Little did Alicia know that this student would teach her an important lesson, one she shares in her story titled "The Air Ball Queen," featured in our book about "thinking possible."

Friday afternoon was our school-wide reading program finale in the gymnasium. The finale was a series of races and games. There were jump-rope relays, basketball relays, soccer relays, minute-to-win-it games, hula-hoop contests, scoot-board races and a host of other challenges for my first-graders. There were times when I was doubled over laughing so hard that I was crying because of balls escaping, jump ropes tangling and all my first-graders clapping and cheering each other on with abandon.

One of the harder games was a basketball shooting game. Each kid stood at a line and shot five baskets. This was a supremely hard task for first-graders. That basket might as well have been in the clouds. One of my darling little girls -- a teeny, tiny breath of a kid -- was chosen for this game.

She was an adorable kid with curls that bounced each morning when she ran to me and wrapped her arms around my leg in a hug. When she got excited about something, her blue eyes opened wide and she flapped her arms. I'd seen her do this when reading her favorite books, when mastering particularly difficult math problems, when playing at recess and especially when she painted.

She stood at the line, basketball in hand, with a serious expression on her face. She shot. Air ball. She scrunched up her face in concentration and shot again. Air ball. Her third and fourth shots arched through the air and again fell short.

I bet you're thinking this is one of those stories where she made the fifth and final shot and ran a victory lap around the gymnasium filled with kids who chanted her name and hoisted her up on their shoulders.

It isn't that kind of story.

Not one of her five shots even came close to the net.

Not a single one.

Back in the classroom, after the conclusion of the reading program finale, we gathered at the carpet to talk about all the fun we'd had.

My tiny air baller raised her hand to share: "Mrs.
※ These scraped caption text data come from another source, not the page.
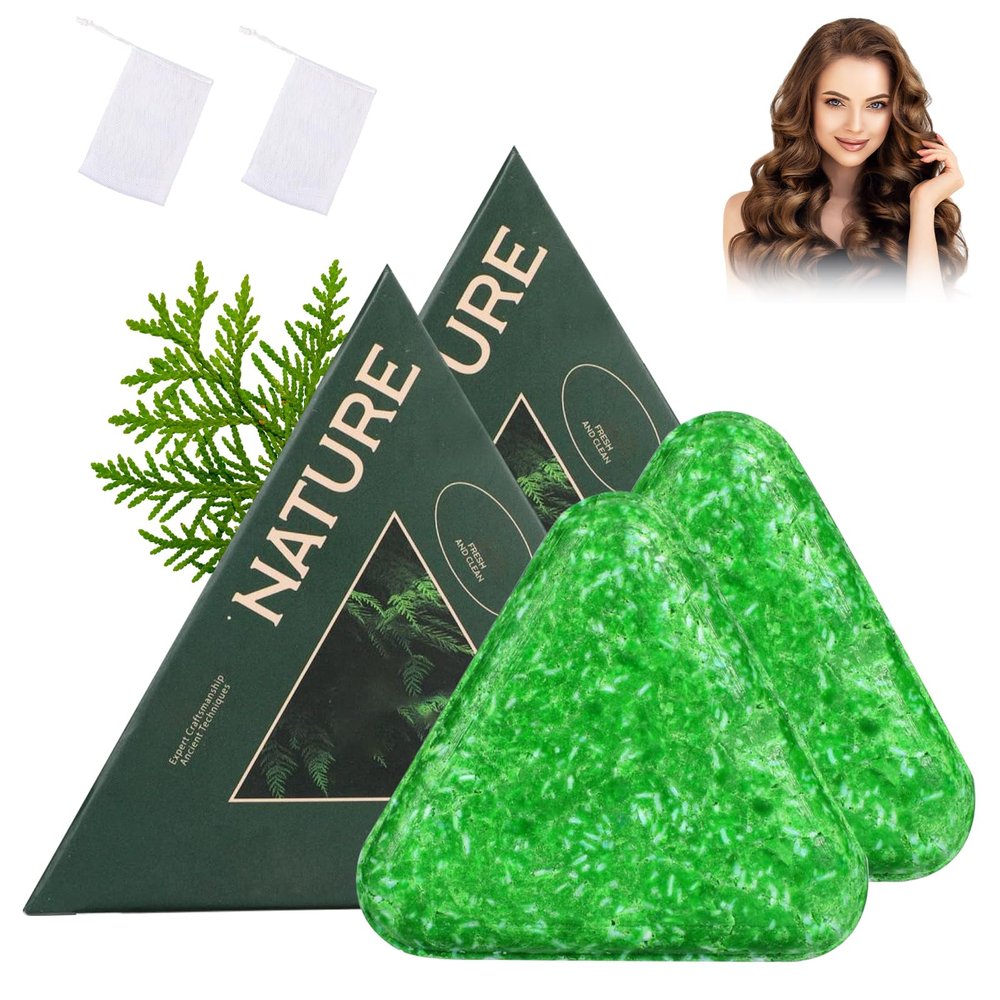 2Pack Nature Triangle Shampoo Bar with 2 Foaming Nets, Nature Seven Green Soap Shampoo, Natural Usman Grass Hair Shampoo Bar for Women & Men, Solid Shampoo and Conditioner Bars Set for All Hair Types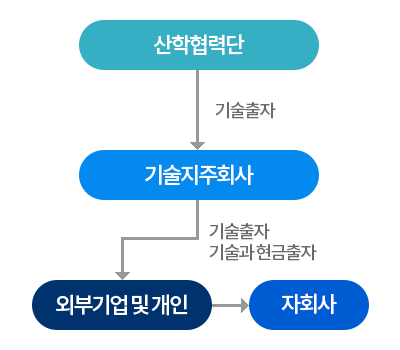 기존법인 자회사 화(지분편입)에 관한 설명그림이며, 이어지는 설명을 참고하세요.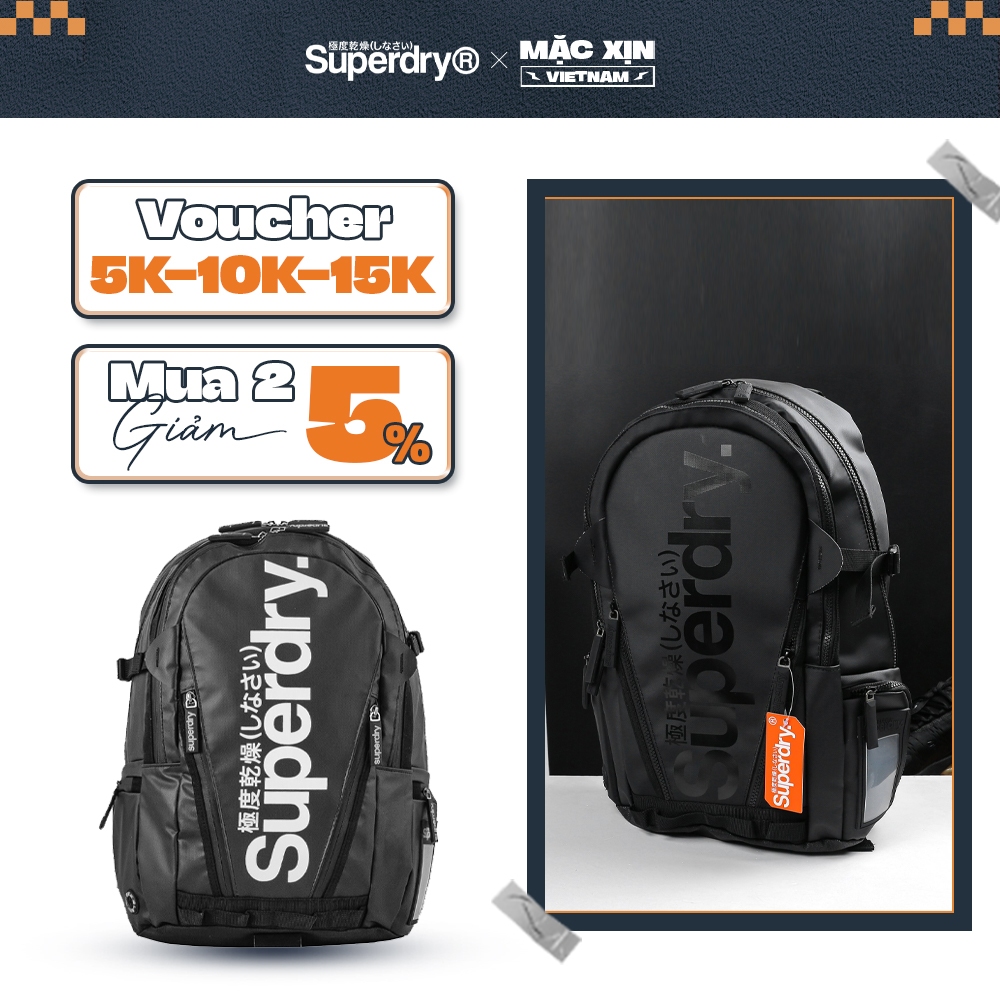 Balo Du lịch, Laptop Nam Nữ Chống Nước Superdry Mega Ripstop Tarp Backpack - Bảo Hành 12 tháng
McCauley, I was nervous about that basketball game because I'd never played it before."

She paused and I waited, scripting in my mind words of encouragement or some sage advice about perseverance or something, anything to ease the sting of all those air balls.

She continued with her arms flapping in wild excitement. "I was nervous at first, but then I played the game and I was awesome at it!"

Wait, what?

She explained, "I'd never thrown a ball that high before. I threw it really high five times." She held up five proud fingers.

My face broke into a huge grin, mirroring the smile on her precious face.

How silly I was for thinking I needed to provide my "sage advice." As is so often the case, I found myself marveling at the unconventional wisdom of my students.

I can be so hard on myself when it comes to trying new things, so fearful, so unwilling to try lest I fail, or, worse yet, fail in public.

The next time I'm facing a new challenge, I'm going to remember her face, scrunched up in concentration. I'm going to remember her candor in admitting she was nervous. But most of all, I'm going to remember her wild, flapping arms and the triumph on her face for throwing the basketball higher than she ever had before.

She didn't make any baskets that day, and for that I'm grateful, because if she had, I would've missed the lesson.

She didn't score any points, but one thing is for sure, my little air ball queen was a winner.